The tactic I take is to feed to the social media I “touch” less frequently — I visit my Tumblr about twice a week so in between, I post my Instagram photos there, to keep it fresh.
· … but regularly “touch” each social media platform
Whether it’s once a day or once a week, it’s advisable to at least touch upon your social media where it originates. Each social media site has a different personality and each has its own gems. Give even your “lightest” platform a little authentic author love from time to time.
Content Marketing for Authors
Whether entertaining (like romance novels) or useful (like cookbooks or finance books), authors spend their lives producing… content. The idea of content marketing is to share some content free of charge on author platforms that you “own” in order to build an audience and give prospective readers an idea of what / who they’re getting when they buy your book/s.
What do you mean by “own”?
Owned media platforms are those over which authors have complete control. Content marketing is best done on these platforms because you can then “own” your subscribers and followers for communications.
“Owned” media includes:
- author website
- social media
- online courses
I do lots of that anyway – does that mean I’m a content marketing author?
Yes, sort of. But to be an efficiently effective content marketing author, you really need to have at least some strategy and tactics in place, so that your efforts all serve your audience building goals.
What are some examples of successful author content marketing?
An example of a content marketing star is John Green, who built an audience of readers for his young adult books (like The Fault in Our Stars) with a video blog done with his brother, Hank Green. Using online video, the Vlog Brothers very intelligently, very thoughtfully discuss subjects of interest to young adults and new adults as well as jokes, etc. John also—periodically—talks about the books he is working on. Green didn’t necessarily set out to be a “content marketer,” but in 2007 the vlog gave rise to their Nerdfighter subculture and numerous bestsellers and movie deals.
Another example is the 2015 book marketing campaign for Elizabeth Gilbert’s Big Magic, a book about advice for creative people.
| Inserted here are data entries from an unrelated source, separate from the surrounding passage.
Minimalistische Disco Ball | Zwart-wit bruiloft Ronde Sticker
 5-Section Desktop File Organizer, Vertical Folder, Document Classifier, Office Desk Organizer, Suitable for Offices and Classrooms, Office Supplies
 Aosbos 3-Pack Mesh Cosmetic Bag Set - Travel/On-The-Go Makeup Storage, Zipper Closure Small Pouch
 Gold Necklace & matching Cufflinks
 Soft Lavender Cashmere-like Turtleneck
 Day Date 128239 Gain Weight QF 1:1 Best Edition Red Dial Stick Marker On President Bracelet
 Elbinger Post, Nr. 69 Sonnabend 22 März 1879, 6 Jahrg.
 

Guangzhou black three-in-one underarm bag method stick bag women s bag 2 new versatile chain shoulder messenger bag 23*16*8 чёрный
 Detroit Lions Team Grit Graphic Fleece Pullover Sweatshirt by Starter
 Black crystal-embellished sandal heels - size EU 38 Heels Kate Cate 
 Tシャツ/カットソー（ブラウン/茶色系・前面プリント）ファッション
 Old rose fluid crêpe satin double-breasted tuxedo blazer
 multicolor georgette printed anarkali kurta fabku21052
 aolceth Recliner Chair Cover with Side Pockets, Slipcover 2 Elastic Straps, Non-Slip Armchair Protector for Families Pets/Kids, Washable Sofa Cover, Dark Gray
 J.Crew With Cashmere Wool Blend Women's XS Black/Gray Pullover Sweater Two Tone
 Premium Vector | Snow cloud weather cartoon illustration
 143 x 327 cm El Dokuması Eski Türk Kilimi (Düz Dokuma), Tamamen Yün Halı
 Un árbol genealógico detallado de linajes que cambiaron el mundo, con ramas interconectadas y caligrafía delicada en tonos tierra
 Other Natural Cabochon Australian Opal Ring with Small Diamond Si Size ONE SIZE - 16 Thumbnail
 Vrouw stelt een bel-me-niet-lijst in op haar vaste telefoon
Though a bestselling author (Eat, Pray, Love) there was no guarantee that the memoirist / novelist would make the transition to self-help writer. But her publishing team launched a series of pre-publication podcasts—which included well-known special guests—and a robust social media campaign to build Gilbert’s followers. The content strategy dovetailed with “earned” media platforms – content-heavy guest spots on other popular self-help gurus’ online “shows” to make their audiences aware of her content and of Gilbert’s new book.
What else do I need to know about before I dive into content marketing?
The best content marketing stays true to you as an author. For content marketing to be effective, it should grow naturally out of your book, and your philosophies and your message. Whether the content you share is a natural outgrowth of your personality, or crafted strategically for effect —you want to stay true to yourself and authentic.
Content marketing is not about the hard sell. Content marketing is about enticing audiences (including prospective buyers) with a bit of your content, a bit of yourself. It is not about bombardment with sales messages, which only serve to turn off audiences.
Sure, you can let the audience know you have books available at the bottom of your newsletter—and certainly give them the “insider” first look at new books and book jackets, as members of your loyal audience—but promoting your own work should only be a small portion of your content output, reserved for special announcements, book launches, public appearances, etc.
Content marketing is not a quick fix. Content marketers are rewarded over time as their audiences build.
As your readers / viewers become engaged and loyal over time, a portion of them will decide to plunk down money when they determine the content is likely to appeal to them.